- [What the task asks]: All of the data must be written out verbatim, with pictures excluded.

*** Opening of Supplied information ***

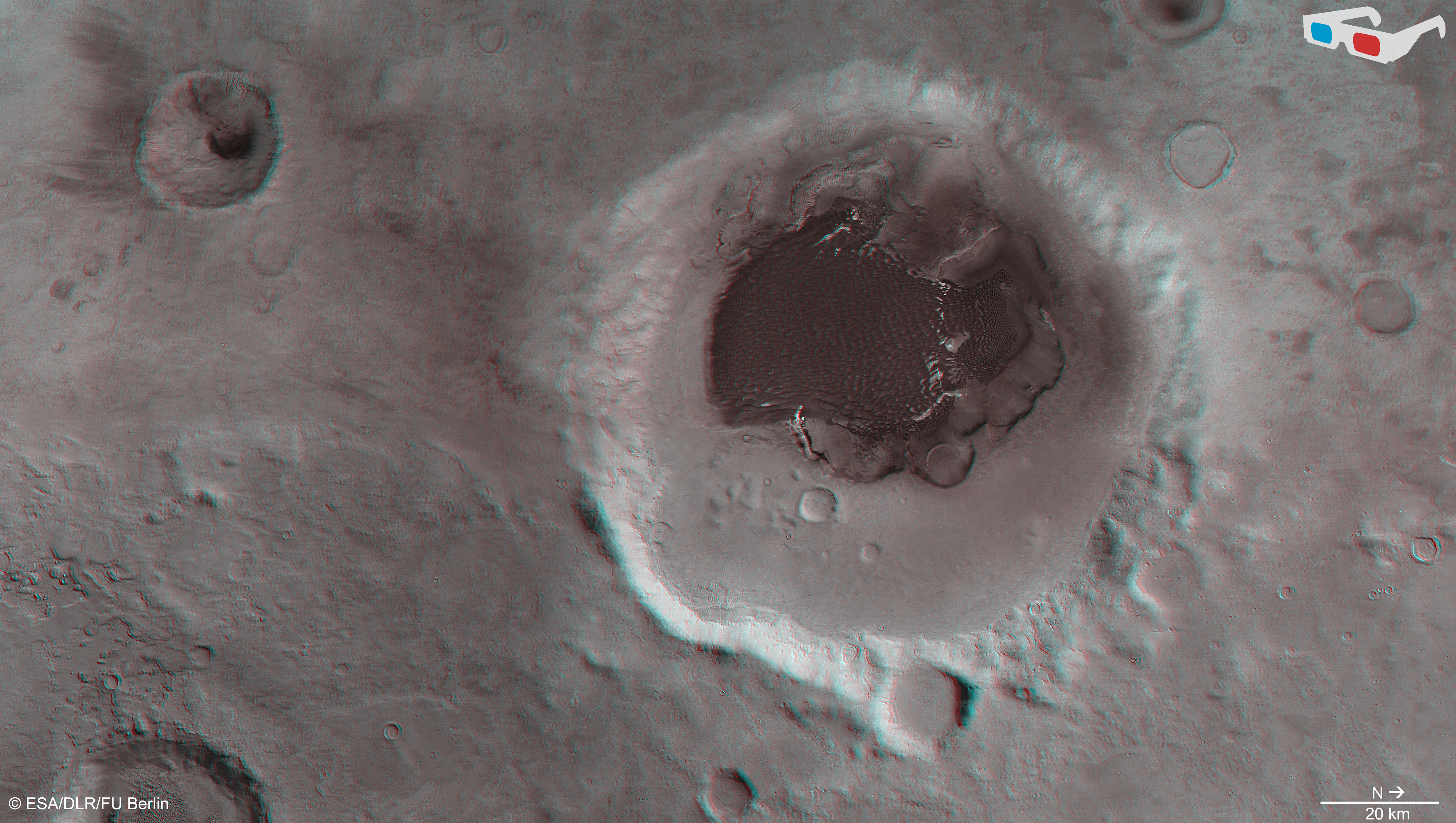 Data from the nadir channel and one stereo channel of the High Resolution Stereo Camera on Mars Express have been combined to produce this anaglyph 3D image, which can be viewed using stereoscopic glasses with red–green or red–blue filters. The image focuses on Rabe crater and its intricate dune field, material that has been shaped by prevailing winds. The image was created using data acquired with the High Resolution Stereo Camera on Mars Express on 7 December 2005 (orbit 2441) and 9 January 2014 (orbit 12736). Credit: ESA/DLR/FU Berlin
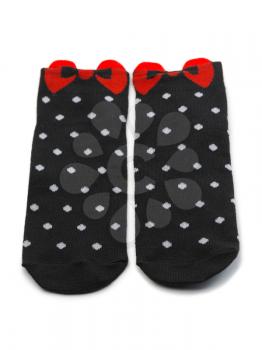 Pair of black socks with white polka dots with a red bow. Isolate.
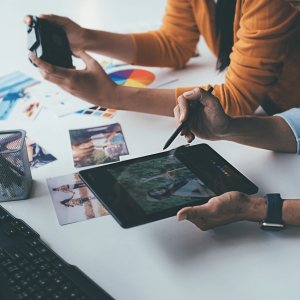 Desk with people working on devices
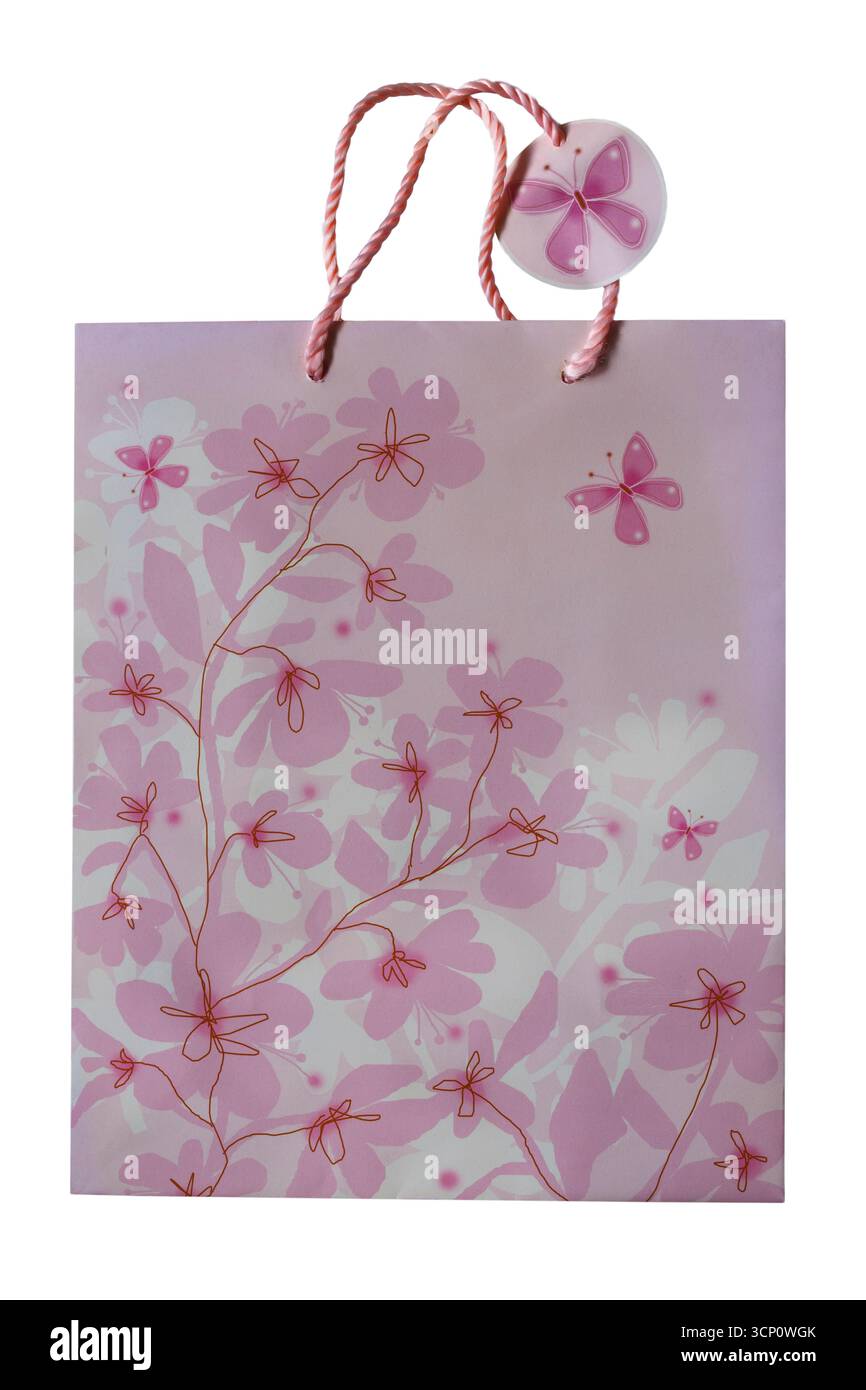 borsa regalo rosa fiorita con etichetta regalo abbinata isolata su sfondo bianco Foto Stock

*** Close of Supplied information ***

- [Solution for this problem]:
 Data from the nadir channel and one stereo channel of the High Resolution Stereo Camera on Mars Express have been combined to produce this anaglyph 3D image, which can be viewed using stereoscopic glasses with red–green or red–blue filters. The image focuses on Rabe crater and its intricate dune field, material that has been shaped by prevailing winds. The image was created using data acquired with the High Resolution Stereo Camera on Mars Express on 7 December 2005 (orbit 2441) and 9 January 2014 (orbit 12736). Credit: ESA/DLR/FU Berlin
 Pair of black socks with white polka dots with a red bow. Isolate.
 Desk with people working on devices
 borsa regalo rosa fiorita con etichetta regalo abbinata isolata su sfondo bianco Foto Stock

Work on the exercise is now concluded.